## DATA EXCERPT
= Beginning of Section =

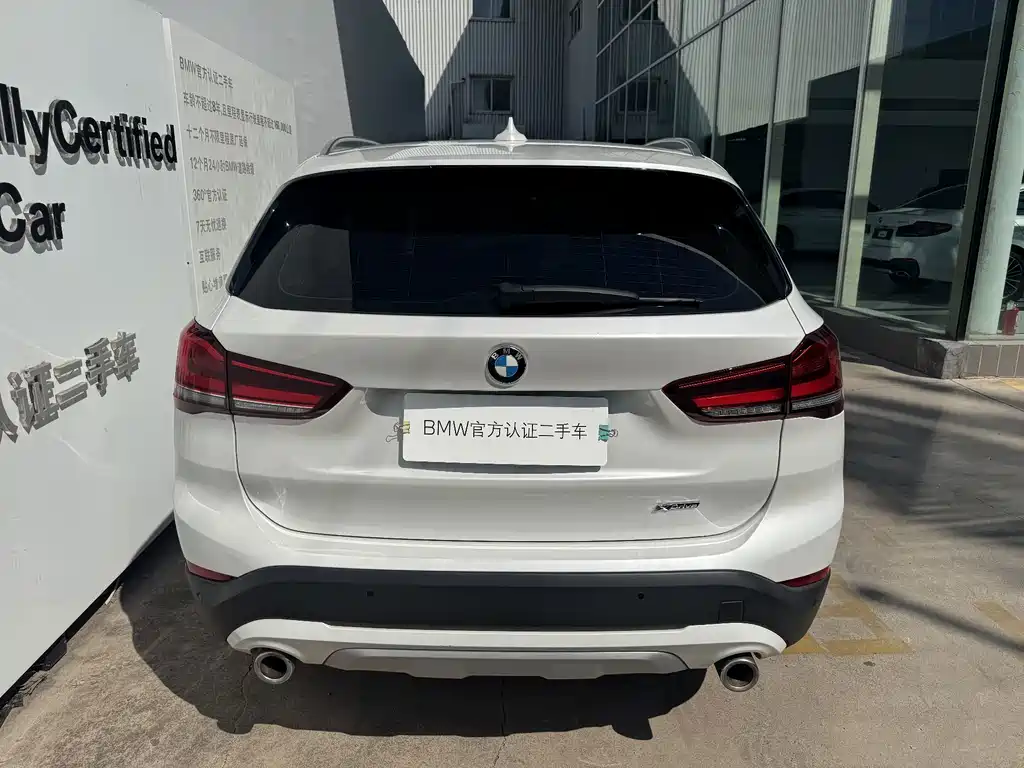 BMW X1 — миниатюра 6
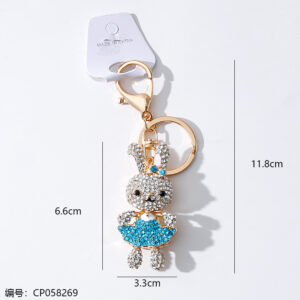 1029 Keychain Pendant/12 - Image 3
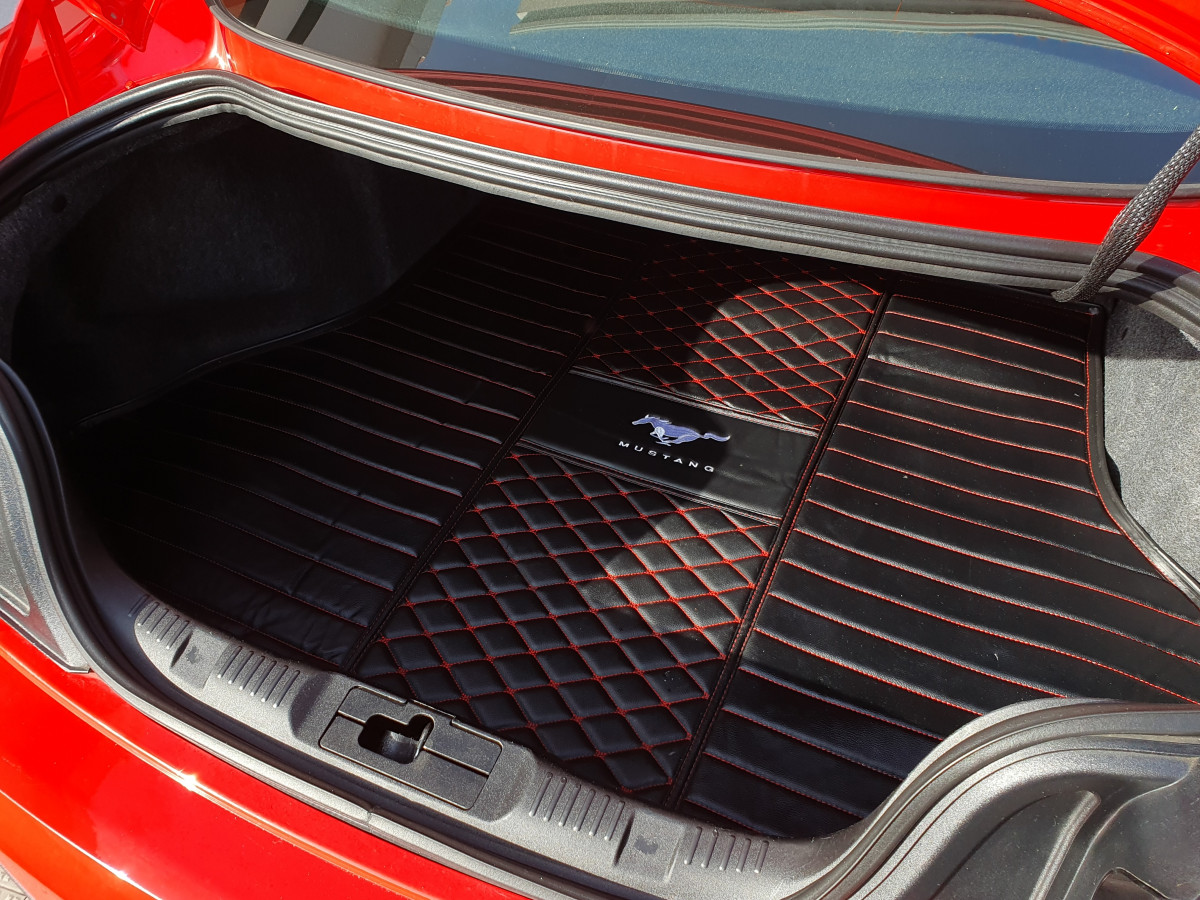 FORD MUSTANG 2.3I ECOBOOST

= End of Section =

Line by line, give the material above again exactly, but without any pictures.

## ANSWER TO THE PROBLEM
 BMW X1 — миниатюра 6
 1029 Keychain Pendant/12 - Image 3
 FORD MUSTANG 2.3I ECOBOOST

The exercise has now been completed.